According to Iranian penal codes, a girl at nine years of age is considered to be an adult. If she commits a crime which is punishable by execution, the courts can indeed sentence her to death. If a man and a woman become paralyzed as a result of an accident, the punitive damages provided to the woman according to law is half that of those provided to the man. If a man and a woman are both witness to a crime, the law does not recognize the woman as a witness, but the man can serve as a witness. The law allows fathers, who obtain the permission of the courts, to wed their daughters even before the age of 13 (legal age of marriage) to a 70 year old man. The law does not allow mothers to serve as the financial guardians of their children, or to make decisions regarding their child’s place of residence, foreign travel, or medical care. The law allows men to take practice polygamy and gives them uncontested rights to divorce their wives at whim.

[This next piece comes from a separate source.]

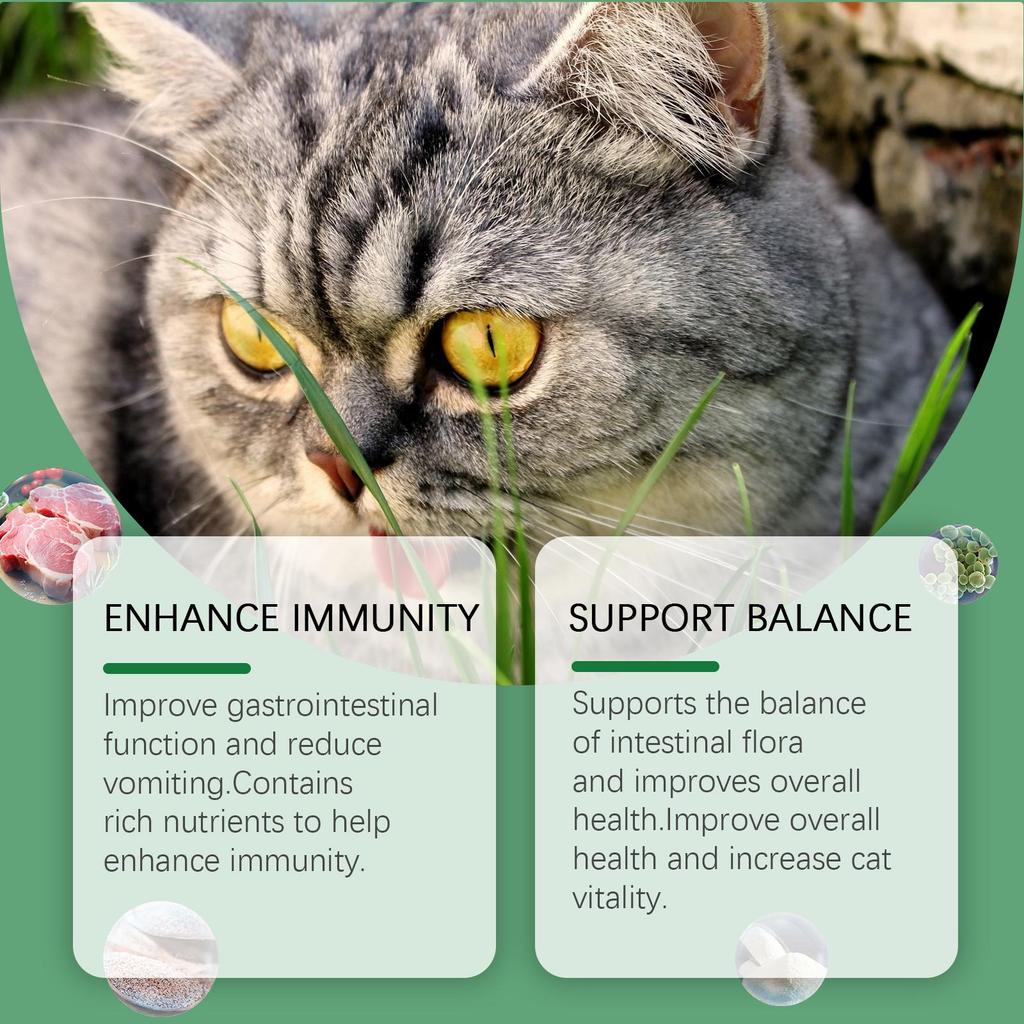 YEGBONG Cat Grass Tablets (80 Tables) - Improves Gastrointestinal Function and Protects Pet Health with Dietary Fiber.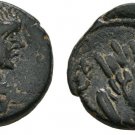 Ancient Rome AD 218-222 Mesopotamia Edessa Elagabal Turreted Tyche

These are only a few examples of the inequities and discriminatory practices against women, which can be found in Iranian law. Without a doubt, women of lower socio-economic status or women from religious and ethic minority groups suffer disproportionately from legal discrimination. On the other hand, these unjust laws have promoted unhealthy and unbalanced relationships between men and women and as a result have had negative consequences on the lives of men as well. Specifically we can point to the high dowries, that many women demand as a condition of marriage, which in essence are reflective of the lack of a sense of security resulting from legal discrimination and their unequal status under the law.

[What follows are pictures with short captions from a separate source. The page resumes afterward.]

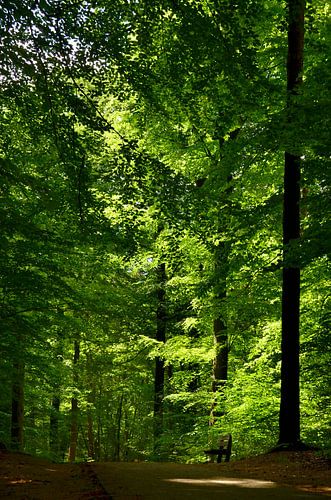 Sonnenlicht im Wald von Corinne Welp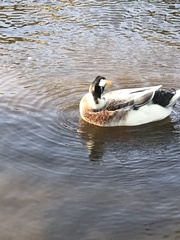 Anas platyrhynchos domesticus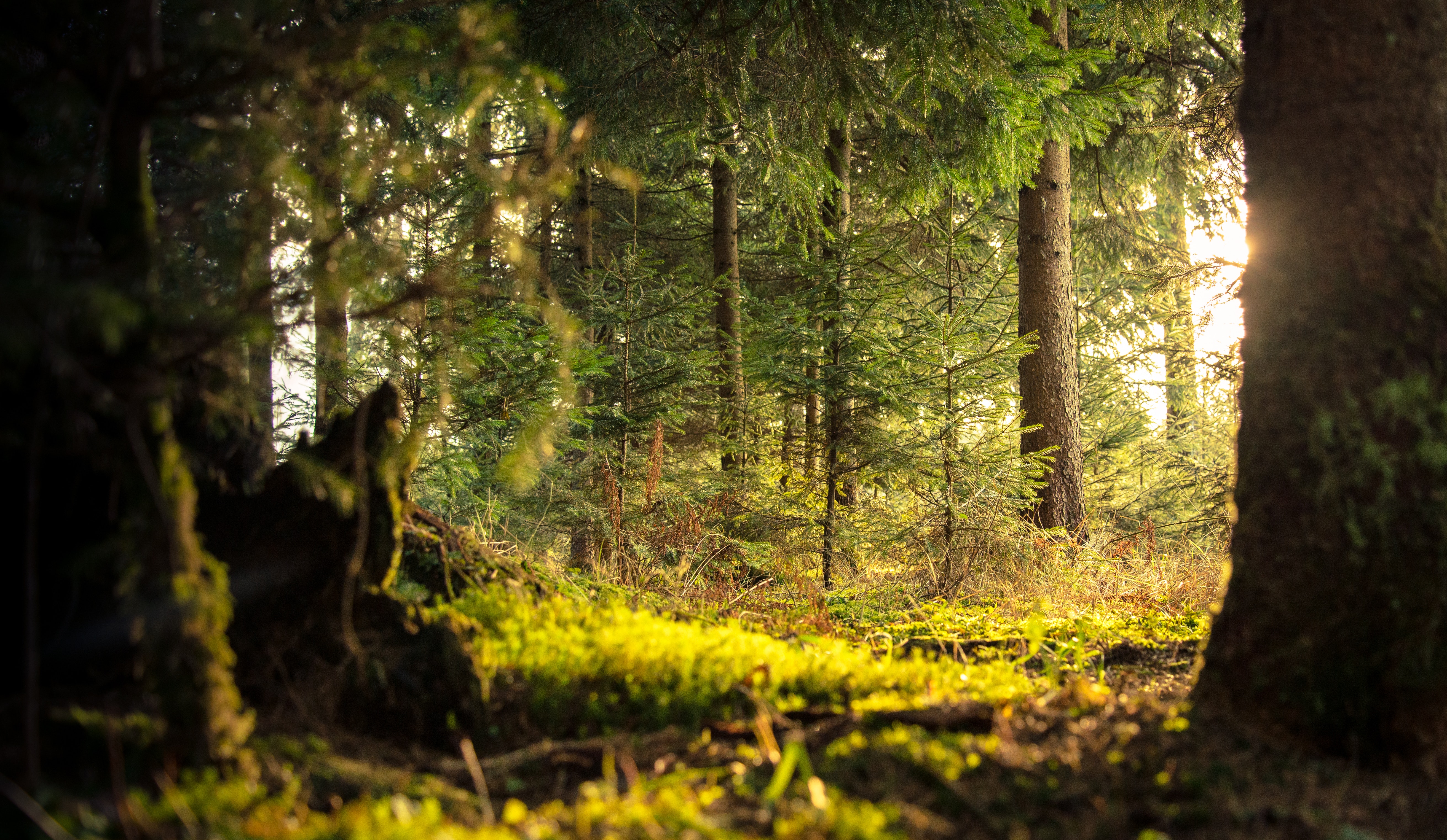 A green forest with fresh air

On the other hand, the Iranian government is a signatory to several international human rights conventions, and accordingly is required to bring its legal code in line with international standards. The most important international human rights standard calls for elimination of discrimination based on gender, ethnicity, religion, etc.
The undersigned ask for the elimination of all forms of legal discrimination against women in Iranian law and ask legislators to review and reform existing laws based on the government’s commitments to international human rights conventions.